I am a bit tired to write you an immense story, but I will update you. After volunteering I went back to San Jose, Costa Rica and stayed with a friend of a friend (thanks Elise!) for a week because her family was so nice and wonderful and I fell in love with her five dogs. While I was with her I saw volcanoes and ruins of churches, etc. She lived closer to where the earthquake happened and her family have a farm in the area that was like a box of contents that was shook real hard. I didn't see it, just in pictures.

Then I bused to Panama, met a Japanese guy on the bus and stayed with him in a hotel due to booked up hostels. We traveled together for three days around Panama City, then we to Colon together to find a boat. I couchsurfed there were a local who spoke 11 languages!
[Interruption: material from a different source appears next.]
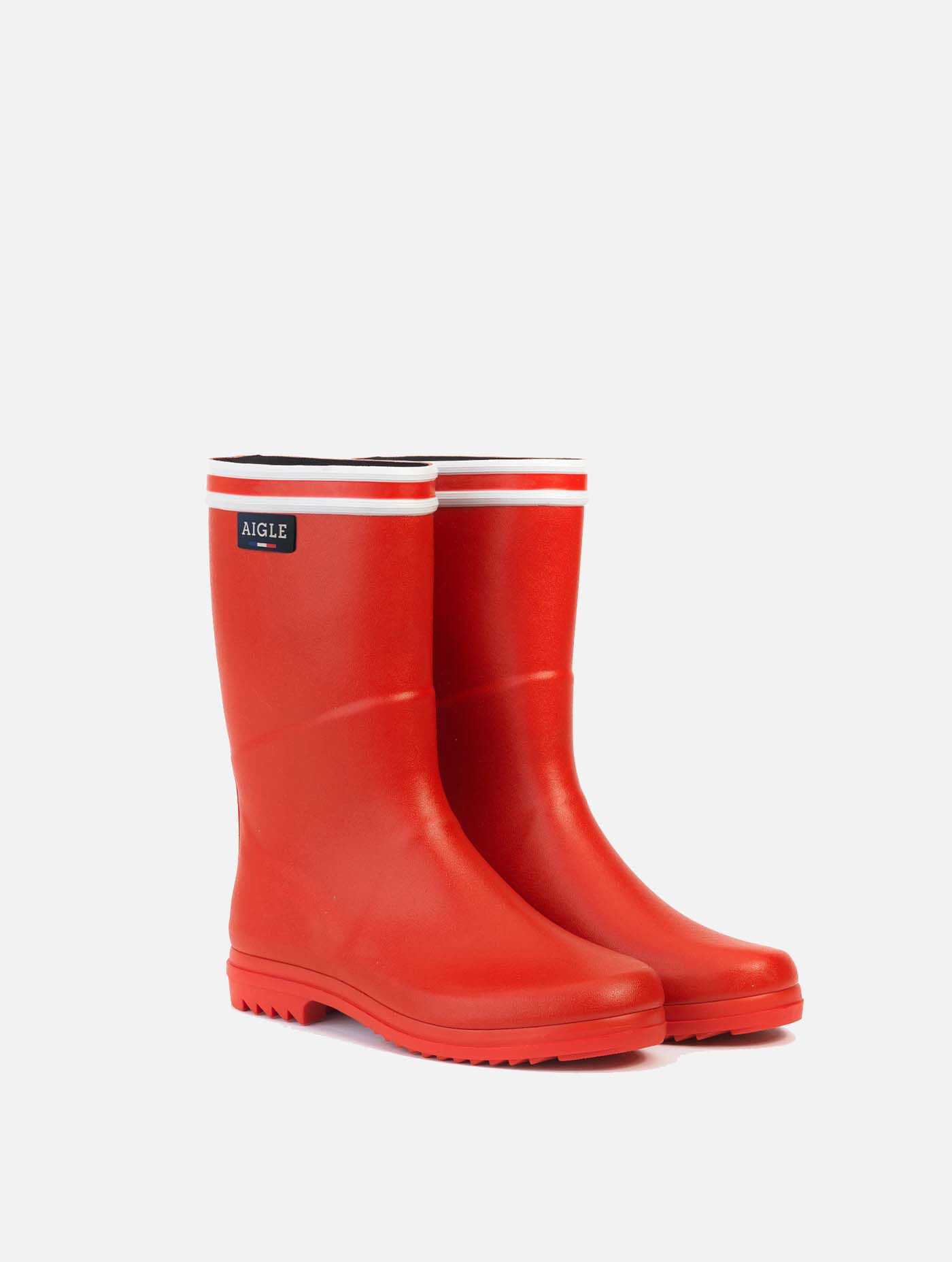 Made in France boots with the double white stripe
Backing up, in Panama City while marveling over architecture that looked straight from the end of the movie "Great Expectations" I got my camera snatched from my hands. However, a mop of police showed up, I reported the incident and they found the camera because they pressured the people to give up his name and he dumped the camera. I was incredibly lucky. All the pictures were recovered, plus the one he took. The police were so much fun too, they drove me everywhere and tried to talk to me in Spanish, and I tried to respond. They stopped every time they saw a foreigner, talked to them and then said "they your friends?"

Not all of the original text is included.